▸ **What you are asked to do**: This exercise calls for the line with "Man Microblading Ultimate", the line with "МРТ пояснично крестцового сплетения", and all lines between them in the material below, output exactly and with no other lines.

+ + + +

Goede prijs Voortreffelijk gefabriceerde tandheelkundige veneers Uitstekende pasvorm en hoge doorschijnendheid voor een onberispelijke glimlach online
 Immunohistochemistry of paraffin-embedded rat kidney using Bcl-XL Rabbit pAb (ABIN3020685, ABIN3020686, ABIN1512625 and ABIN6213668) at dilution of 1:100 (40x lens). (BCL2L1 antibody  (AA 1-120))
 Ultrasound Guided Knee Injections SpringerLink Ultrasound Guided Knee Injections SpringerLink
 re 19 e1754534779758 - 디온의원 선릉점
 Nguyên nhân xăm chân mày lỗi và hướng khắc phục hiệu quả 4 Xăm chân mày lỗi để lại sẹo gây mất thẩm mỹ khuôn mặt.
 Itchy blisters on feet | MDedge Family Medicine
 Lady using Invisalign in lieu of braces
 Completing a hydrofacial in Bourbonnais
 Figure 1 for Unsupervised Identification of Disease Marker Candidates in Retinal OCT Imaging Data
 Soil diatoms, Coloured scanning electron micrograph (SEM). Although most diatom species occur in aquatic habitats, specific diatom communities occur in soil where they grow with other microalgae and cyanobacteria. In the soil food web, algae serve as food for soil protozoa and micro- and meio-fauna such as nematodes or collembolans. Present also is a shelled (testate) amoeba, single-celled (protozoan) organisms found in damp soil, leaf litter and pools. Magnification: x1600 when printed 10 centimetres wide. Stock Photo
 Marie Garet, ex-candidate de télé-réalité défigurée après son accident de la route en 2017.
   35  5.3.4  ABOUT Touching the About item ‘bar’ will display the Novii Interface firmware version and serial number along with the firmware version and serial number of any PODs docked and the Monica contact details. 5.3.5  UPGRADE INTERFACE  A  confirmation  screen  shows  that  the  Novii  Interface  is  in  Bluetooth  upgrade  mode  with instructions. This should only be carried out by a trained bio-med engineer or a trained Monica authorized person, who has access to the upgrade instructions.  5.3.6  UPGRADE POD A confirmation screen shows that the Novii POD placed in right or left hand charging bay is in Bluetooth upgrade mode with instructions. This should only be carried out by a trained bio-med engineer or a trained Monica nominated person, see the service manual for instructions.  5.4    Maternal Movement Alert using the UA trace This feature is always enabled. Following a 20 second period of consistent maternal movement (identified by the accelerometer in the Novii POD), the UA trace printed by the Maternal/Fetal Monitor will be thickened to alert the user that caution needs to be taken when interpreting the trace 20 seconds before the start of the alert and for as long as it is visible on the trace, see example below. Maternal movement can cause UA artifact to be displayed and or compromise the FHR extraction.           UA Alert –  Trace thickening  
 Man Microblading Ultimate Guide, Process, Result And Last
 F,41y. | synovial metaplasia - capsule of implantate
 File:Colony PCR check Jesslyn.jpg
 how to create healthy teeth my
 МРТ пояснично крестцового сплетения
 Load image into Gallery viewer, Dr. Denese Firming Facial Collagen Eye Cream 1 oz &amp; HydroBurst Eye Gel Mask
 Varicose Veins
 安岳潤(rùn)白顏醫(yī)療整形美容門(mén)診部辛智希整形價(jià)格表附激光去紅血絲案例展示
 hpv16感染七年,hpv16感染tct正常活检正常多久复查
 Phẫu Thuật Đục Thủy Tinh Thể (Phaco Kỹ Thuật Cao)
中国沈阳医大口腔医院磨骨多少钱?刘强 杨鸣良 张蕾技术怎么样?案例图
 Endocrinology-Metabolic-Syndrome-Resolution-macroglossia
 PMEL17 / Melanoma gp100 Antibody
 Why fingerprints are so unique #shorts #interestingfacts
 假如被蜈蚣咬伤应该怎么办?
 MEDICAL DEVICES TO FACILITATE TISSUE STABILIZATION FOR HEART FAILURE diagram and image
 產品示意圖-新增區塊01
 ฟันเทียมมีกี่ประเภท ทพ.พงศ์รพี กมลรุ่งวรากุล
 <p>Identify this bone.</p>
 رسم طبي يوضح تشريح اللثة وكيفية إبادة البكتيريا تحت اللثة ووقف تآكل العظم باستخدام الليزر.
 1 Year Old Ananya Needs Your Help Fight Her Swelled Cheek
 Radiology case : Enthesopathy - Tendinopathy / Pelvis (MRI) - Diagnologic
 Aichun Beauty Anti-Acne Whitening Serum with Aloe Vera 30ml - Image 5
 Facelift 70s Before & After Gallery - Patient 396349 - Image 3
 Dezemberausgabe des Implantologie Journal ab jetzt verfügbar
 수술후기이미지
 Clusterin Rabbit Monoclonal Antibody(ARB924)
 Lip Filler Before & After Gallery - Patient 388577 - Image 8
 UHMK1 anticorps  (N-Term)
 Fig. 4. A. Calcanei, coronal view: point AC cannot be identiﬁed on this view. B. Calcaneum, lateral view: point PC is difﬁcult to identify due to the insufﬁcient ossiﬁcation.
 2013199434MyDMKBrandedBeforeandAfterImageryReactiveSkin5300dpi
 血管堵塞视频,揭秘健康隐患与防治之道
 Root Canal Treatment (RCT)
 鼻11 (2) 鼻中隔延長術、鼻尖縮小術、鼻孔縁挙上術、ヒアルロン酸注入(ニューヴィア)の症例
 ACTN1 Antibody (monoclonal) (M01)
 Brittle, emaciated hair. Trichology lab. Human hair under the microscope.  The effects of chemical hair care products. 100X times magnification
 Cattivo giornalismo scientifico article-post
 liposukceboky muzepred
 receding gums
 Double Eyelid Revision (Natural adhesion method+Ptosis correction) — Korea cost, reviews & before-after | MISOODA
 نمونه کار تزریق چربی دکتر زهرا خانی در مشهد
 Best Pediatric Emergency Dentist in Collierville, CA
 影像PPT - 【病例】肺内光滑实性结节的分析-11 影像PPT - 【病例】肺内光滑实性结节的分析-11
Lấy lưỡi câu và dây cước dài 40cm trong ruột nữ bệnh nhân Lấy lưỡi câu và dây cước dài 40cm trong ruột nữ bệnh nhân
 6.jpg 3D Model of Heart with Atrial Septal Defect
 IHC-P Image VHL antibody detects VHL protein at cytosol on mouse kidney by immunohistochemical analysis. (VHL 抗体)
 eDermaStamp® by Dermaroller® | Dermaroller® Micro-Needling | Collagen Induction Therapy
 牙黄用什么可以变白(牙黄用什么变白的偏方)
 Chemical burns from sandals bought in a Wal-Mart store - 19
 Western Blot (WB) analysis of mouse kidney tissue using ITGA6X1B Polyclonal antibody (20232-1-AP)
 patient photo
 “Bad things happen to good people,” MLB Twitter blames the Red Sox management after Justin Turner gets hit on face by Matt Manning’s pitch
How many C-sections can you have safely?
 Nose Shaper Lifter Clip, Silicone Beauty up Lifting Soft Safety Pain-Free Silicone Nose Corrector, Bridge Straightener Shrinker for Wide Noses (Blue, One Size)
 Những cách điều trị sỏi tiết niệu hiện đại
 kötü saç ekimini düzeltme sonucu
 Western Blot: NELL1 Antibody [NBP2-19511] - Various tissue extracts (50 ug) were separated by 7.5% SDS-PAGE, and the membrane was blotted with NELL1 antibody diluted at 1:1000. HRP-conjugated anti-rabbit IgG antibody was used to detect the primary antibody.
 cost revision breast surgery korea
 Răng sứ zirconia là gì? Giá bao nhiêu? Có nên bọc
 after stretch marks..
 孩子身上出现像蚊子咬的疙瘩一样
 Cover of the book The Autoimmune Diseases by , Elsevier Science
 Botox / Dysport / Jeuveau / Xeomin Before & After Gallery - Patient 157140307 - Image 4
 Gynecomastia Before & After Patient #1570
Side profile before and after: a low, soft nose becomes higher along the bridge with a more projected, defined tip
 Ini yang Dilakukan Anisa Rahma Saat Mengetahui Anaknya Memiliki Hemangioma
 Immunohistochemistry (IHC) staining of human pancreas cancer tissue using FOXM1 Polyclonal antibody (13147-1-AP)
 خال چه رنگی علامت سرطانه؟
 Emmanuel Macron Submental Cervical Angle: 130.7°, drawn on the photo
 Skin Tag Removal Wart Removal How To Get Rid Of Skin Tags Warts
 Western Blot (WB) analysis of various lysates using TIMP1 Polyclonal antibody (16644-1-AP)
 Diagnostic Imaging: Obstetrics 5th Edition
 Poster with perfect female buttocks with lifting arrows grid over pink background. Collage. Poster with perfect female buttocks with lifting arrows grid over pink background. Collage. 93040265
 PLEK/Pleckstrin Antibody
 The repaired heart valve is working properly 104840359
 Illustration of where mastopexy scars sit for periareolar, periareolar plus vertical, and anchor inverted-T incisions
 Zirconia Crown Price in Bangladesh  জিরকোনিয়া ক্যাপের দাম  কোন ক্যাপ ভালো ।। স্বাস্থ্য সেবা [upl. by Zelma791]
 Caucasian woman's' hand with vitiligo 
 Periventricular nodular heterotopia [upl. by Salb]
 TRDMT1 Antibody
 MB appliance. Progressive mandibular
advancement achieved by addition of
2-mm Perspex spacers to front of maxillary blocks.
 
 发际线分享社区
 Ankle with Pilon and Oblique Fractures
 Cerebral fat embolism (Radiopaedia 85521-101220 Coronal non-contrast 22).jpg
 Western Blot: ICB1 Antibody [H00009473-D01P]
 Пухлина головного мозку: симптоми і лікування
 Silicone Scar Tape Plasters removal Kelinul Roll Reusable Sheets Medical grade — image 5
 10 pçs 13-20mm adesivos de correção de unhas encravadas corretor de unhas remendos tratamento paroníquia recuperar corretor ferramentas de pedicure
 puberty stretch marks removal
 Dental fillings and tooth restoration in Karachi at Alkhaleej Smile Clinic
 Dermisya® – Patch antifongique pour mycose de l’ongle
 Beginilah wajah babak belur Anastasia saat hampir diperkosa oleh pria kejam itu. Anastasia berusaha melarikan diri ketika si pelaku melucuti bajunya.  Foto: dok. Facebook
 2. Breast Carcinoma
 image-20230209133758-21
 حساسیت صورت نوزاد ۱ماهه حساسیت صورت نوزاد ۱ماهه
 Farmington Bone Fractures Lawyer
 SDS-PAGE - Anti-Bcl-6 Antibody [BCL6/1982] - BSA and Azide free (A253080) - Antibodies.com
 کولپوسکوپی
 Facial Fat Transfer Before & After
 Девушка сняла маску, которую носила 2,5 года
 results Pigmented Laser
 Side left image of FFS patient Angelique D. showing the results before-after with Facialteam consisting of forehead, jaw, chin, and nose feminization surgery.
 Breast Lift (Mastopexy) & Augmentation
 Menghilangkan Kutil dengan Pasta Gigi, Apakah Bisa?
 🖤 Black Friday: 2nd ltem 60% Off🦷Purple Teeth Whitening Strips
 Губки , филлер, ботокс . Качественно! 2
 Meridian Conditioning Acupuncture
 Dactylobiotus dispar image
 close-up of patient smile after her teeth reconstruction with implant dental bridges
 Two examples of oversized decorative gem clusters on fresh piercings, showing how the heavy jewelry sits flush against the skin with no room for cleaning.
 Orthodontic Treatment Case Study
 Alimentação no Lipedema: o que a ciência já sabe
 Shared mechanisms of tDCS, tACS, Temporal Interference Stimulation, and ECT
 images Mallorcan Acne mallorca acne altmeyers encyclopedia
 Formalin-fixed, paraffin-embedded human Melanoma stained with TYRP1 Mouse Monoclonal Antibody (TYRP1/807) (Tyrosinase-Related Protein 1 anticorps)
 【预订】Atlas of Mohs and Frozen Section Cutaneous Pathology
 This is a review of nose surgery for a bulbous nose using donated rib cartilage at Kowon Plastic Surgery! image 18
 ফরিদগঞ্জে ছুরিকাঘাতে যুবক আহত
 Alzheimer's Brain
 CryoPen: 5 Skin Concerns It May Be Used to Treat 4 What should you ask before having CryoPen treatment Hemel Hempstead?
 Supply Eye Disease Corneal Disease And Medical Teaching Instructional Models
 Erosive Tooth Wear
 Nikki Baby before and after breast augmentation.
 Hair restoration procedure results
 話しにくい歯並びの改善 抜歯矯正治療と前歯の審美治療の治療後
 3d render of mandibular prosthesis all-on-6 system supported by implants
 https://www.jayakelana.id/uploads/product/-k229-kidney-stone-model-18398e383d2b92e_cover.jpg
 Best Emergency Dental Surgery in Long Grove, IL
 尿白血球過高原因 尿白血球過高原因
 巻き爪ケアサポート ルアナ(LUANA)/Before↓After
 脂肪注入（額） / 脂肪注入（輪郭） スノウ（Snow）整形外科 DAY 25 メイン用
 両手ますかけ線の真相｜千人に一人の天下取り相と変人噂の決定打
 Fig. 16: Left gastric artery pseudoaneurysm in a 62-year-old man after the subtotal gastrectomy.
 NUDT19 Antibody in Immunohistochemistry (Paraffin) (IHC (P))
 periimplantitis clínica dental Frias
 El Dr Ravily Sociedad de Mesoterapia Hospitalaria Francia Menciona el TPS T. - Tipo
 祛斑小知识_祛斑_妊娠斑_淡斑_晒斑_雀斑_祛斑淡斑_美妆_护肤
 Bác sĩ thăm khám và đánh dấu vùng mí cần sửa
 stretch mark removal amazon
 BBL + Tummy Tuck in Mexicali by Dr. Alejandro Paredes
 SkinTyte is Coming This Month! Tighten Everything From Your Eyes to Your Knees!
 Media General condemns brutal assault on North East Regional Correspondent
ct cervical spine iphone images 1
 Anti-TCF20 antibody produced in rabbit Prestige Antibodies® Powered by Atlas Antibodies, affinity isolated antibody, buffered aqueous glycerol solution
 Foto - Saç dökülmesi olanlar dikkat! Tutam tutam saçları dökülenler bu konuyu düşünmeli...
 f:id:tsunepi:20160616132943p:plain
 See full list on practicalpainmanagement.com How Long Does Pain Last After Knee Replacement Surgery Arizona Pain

+ + + +

▸ **Finished task**:
 Man Microblading Ultimate Guide, Process, Result And Last
 F,41y. | synovial metaplasia - capsule of implantate
 File:Colony PCR check Jesslyn.jpg
 how to create healthy teeth my
 МРТ пояснично крестцового сплетения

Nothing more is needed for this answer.